Monday, August 26, 2019

Book Review: Anthony Bourdain - Kitchen Confidential

The New Yorker article "Don't Eat Before Reading This" that this book was based on turned 20 in April 2019, so it's interesting to read the book only now, yet still be able to see exactly why this guy became so famous. Food content is everywhere now - personal blogs, Yelp reviews, and impossibly lengthy SEO-optimized recipes for grilled cheese sandwiches - so it's hard to remember what it was like before the internet turned writing itself into fast food, but Bourdain's irreverent peek behind the kitchen curtains was genuinely novel at the time. Even now his writing is frequently spectacular: his keen and gossipy characterization, amusing but still affecting storytelling, and wry, appreciative voice all give a side of the restaurant industry that was not really seen 20 years ago and is still often underappreciated all the glamour and human interest that he would later make a career out of exposing viewers to on TV. It's a mix of memoir, philosophizing, career retrospective, apologia, and plain old complaining that he uses to make being a chef seem heroic and pathetic at a stroke, writing from the perspective of a man who has experienced the closely-linked extremes of crippling failure and stunning success, showing why restauranteur is such a fascinating profession in the aggregate yet any given chef is not to be trusted one bit.

I remember reading once that to get truly famous you have to excel at at least two different things and corner the market on the intersection of your talents. It seems like most chefs are not also good writers, let alone also good TV personalities, and likewise very few television hosts or authors are classically trained French chefs (as a sidenote, a lot of the French techniques and items he discusses are totally alien to me, although to be fair I'm not the kind of person who's making reservations at Dorsia - I mean Les Halles - very often). While I'll never have the opportunity to eat a meal that Bourdain cooked, if it was anything like his writing it would have been a real treat. He's good at making you think about your own food experiences: the opening chapter contains such a lovingly detailed description of learning to love oysters as a child on vacation in France that you can't help but think about great meals you've had, and right up until the end of the book he's raving about sushi he once had in a way that has actually changed how I view what I'm eating.

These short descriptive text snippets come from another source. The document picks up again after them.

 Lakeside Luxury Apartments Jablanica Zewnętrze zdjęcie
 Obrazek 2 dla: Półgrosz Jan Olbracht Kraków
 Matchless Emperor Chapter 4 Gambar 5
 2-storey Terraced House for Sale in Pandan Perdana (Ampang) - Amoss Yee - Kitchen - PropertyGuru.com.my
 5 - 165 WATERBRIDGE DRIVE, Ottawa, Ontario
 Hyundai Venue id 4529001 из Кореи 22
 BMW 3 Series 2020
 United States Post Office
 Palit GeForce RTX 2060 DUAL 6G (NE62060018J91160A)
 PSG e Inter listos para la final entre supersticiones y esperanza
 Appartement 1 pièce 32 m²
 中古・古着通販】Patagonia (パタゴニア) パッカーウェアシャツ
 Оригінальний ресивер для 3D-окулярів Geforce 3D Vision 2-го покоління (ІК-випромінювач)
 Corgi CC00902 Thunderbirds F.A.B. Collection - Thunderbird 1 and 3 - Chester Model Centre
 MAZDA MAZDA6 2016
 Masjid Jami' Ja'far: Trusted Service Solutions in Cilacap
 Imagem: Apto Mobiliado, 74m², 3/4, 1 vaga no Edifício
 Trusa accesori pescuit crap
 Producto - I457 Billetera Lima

Sometimes his rule-breaking renegade shtick wears a bit thin over the course of the book - he really wants you to know that he's done a lot of drugs and seen a lot of misbehavior and lived a wild and crazy life, etc - but I don't begrudge him for getting as much mileage as he can out of his life story, and honestly, a lot of it is simple jealousy. The exact same questions about food authenticity apply to chef authenticity, and the same answer - just relax and enjoy what you're served - also applies. You can go a long way in America by playing the bad boy with a hidden soft side, and Bourdain's voice is just the perfect blend of wasn't-I-a-scoundrel and sincere passion for his craft, neatly balancing his (very) lengthy assurances about how much he loves dick jokes with more humanizing moments like his unashamed love letter to the bread one of his cooks makes. And his closing humility, where he reveals that everything he's said was just his own personal opinion, and just like there's no one right way to live there's no one right way to run a restaurant, cements him as surely one of the coolest people to evangelize the art of appreciating food. RIP.